*EXTRACTED RECORDS:*
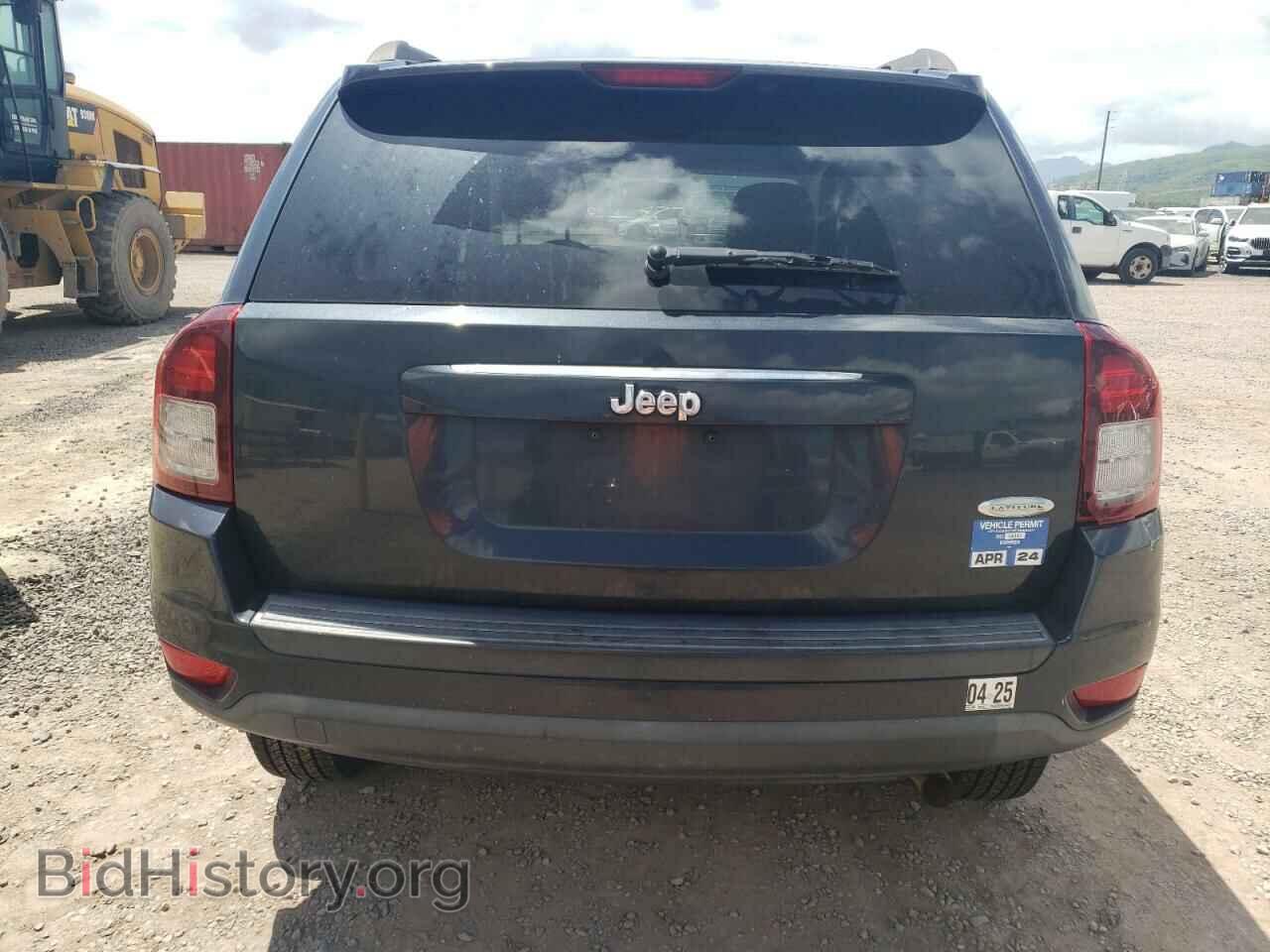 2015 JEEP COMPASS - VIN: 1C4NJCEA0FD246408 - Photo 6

---

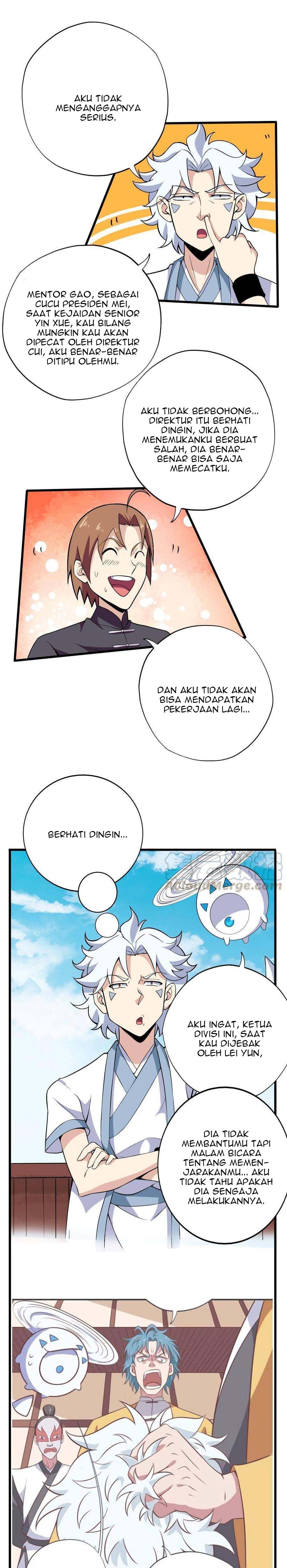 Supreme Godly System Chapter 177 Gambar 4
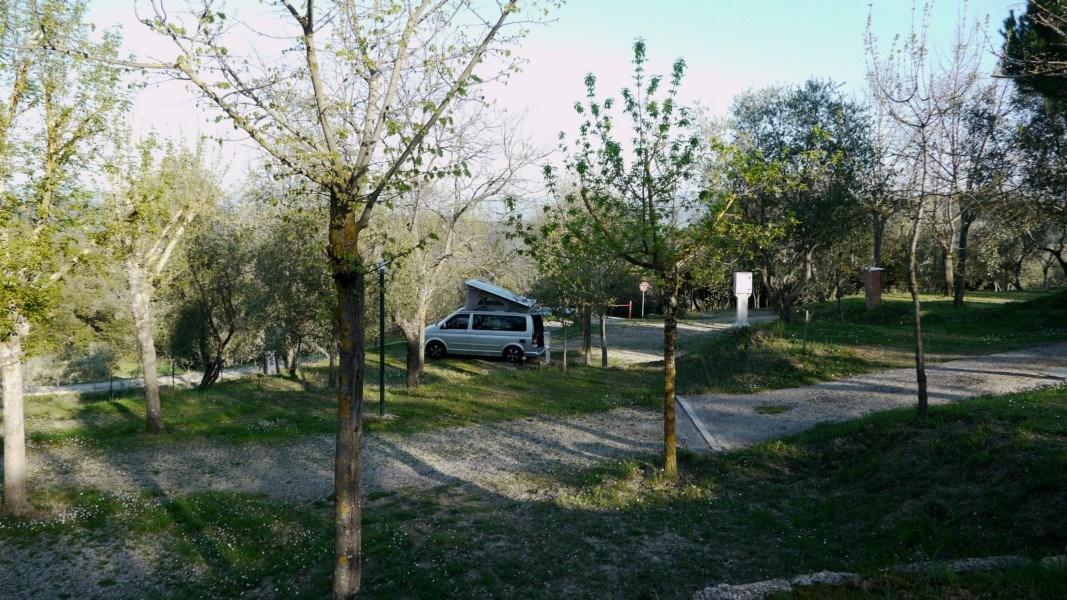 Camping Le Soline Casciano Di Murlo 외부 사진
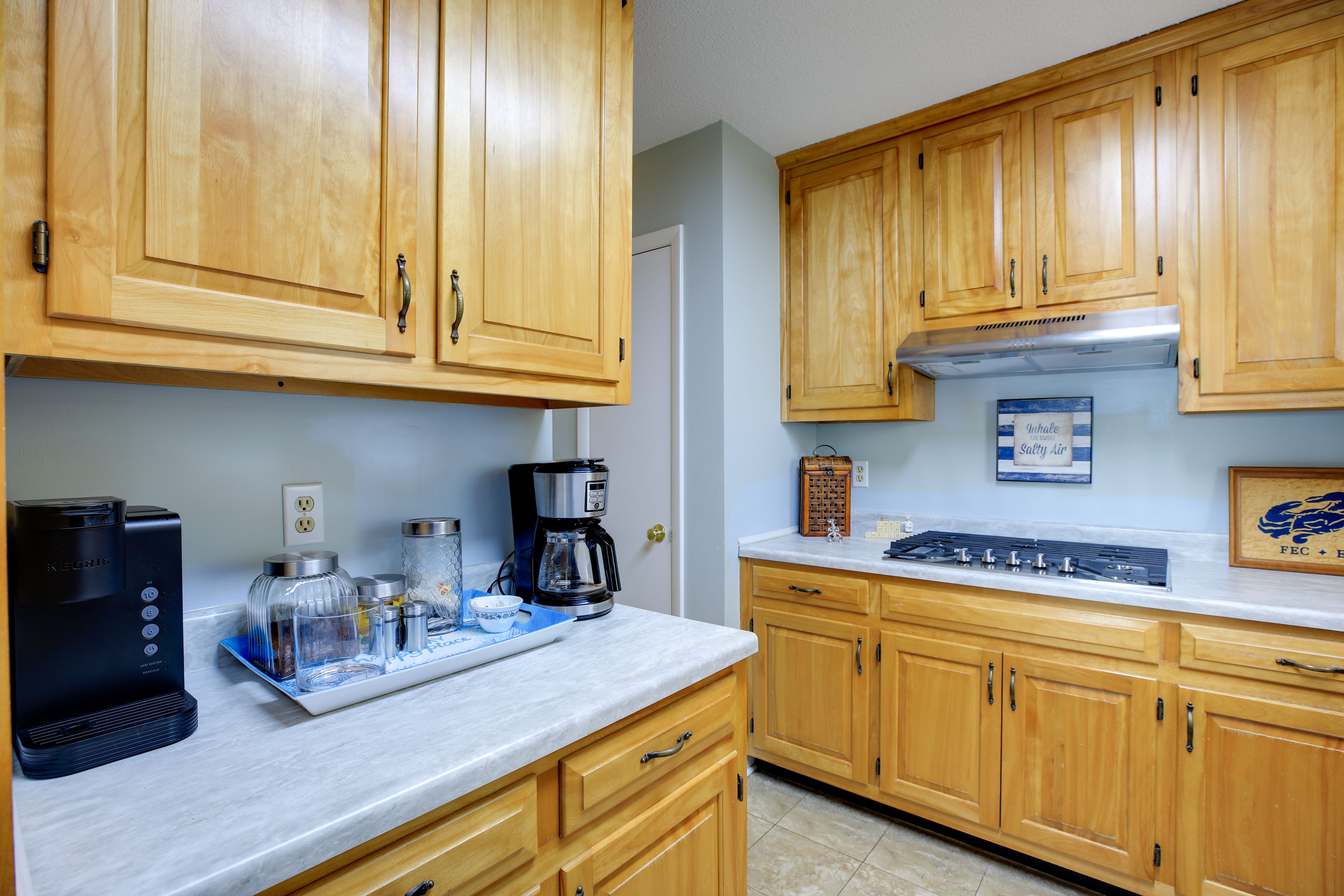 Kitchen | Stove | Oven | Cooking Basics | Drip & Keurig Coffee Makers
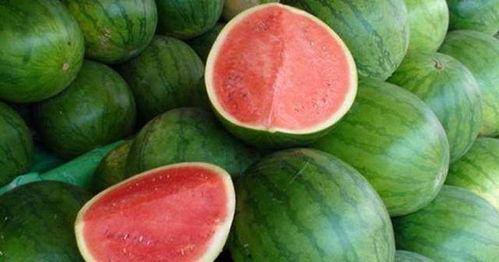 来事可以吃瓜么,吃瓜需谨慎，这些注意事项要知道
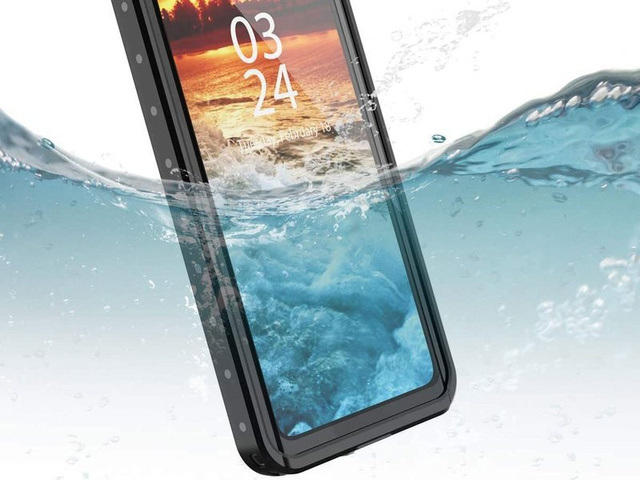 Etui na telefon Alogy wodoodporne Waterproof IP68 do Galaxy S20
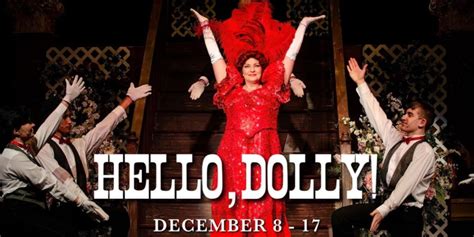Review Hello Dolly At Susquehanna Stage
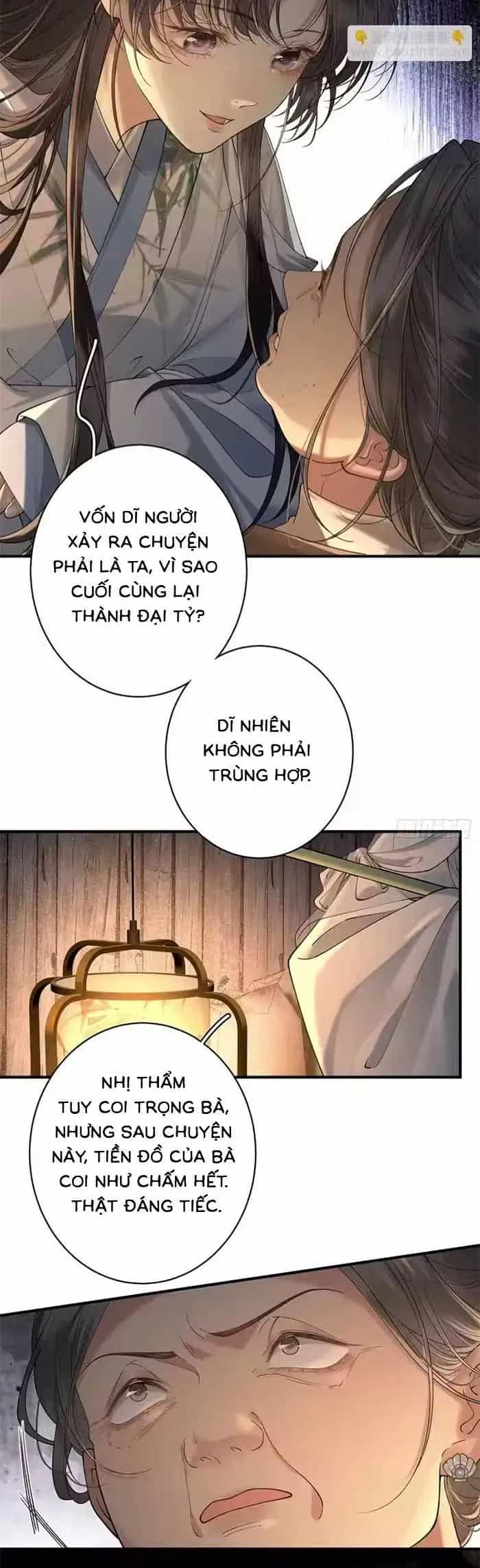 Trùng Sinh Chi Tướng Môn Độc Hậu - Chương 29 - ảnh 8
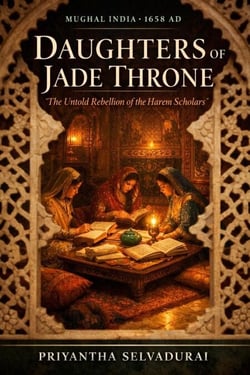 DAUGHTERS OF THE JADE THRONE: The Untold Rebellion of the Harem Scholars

*EXERCISE:* Your answer is the exact run of lines above from the one with "Review Hello Dolly At Susquehanna Stage" through the one with "DAUGHTERS OF THE", both ends included, minus any picture.

*RESULT BELOW:*
Review Hello Dolly At Susquehanna Stage
 Trùng Sinh Chi Tướng Môn Độc Hậu - Chương 29 - ảnh 8
 DAUGHTERS OF THE JADE THRONE: The Untold Rebellion of the Harem Scholars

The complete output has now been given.